As the administration staff left the dining room and passed Joshua, Chuan Yi stopped and asked, “I trust you availed yourself of the library-copy of the Lanka.”
Joshua stared at him. “No, Reverend Brother,” he said weakly, “I didn’t know I was supposed to.”
“Are you telling me that I am mistaken when I say that we discussed the Lanka?”
“No, Reverend Brother,” said Joshua. “We did talk about it.”
“Then you are a disobedient oaf. And an impudent one since you seem to be calling me a liar. You were given an assignment and you chose to ignore it. This deserves punishment.”
Everyone turned to stare at Joshua who did not know how to respond.
Chuan Yi continued. “You distinctly told me you favored one of the two arguments. You gave me a name. What was that name?”
Abbot Jy Shao and another priest came out of the dining room and were approaching Joshua and Chuan Yi just as Joshua answered, “Nagarjuna'” – which Joshua pronounced as Nag-uh-jun-ahr – as Rick had pronounced it.
“You’re a rare scholar of Nagarjuna,” Chuan Yi sneered. “Can’t even pronounce his name.”
Joshua was facing the abbot and Chuan Yi’s back was to him. The abbot had not heard Chuan Yi’s comment. “Wonderful!” he said to Joshua. “That’s exactly how my old master pronounced the name.
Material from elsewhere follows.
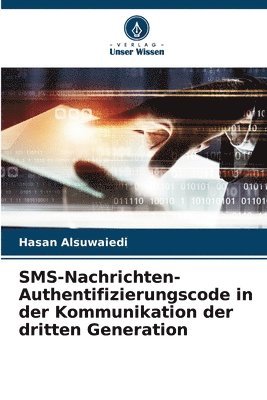 bokomslag SMS-Nachrichten-Authentifizierungscode in der Kommunikation der dritten Generation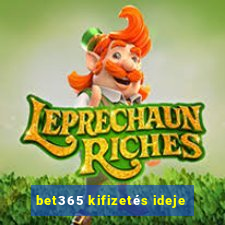 bet365 kifizetés ideje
The British and New Englanders just hate to say “r” when it’s written but they will say it when it’s not.” He patted Joshua’s shoulder and continued to walk to his office. “Welcome aboard, my son,” he called, “and don’t forget the Gospel of Thomas!” He turned to the man he had been walking beside. “I hear the new man’s quite a deep thinker.”
When all the administrative staff had left the dining room and the next nine monks had entered, Fa Dao whispered to Joshua, “Your life just got harder. The abbot made a fool of Chuan Yi. And he was just getting started with his technique. What he does is work your ass off researching and writing commentary that he gets published as sole writer, or sometimes submits to a contest they have… something that he’ll take all the credit for. Unless, of course, the work is bad. Then you’ll really get shit on. But the opening gambit is the same: Chuan Yi chastises a person so that to get back into his good graces, the person becomes his slave.”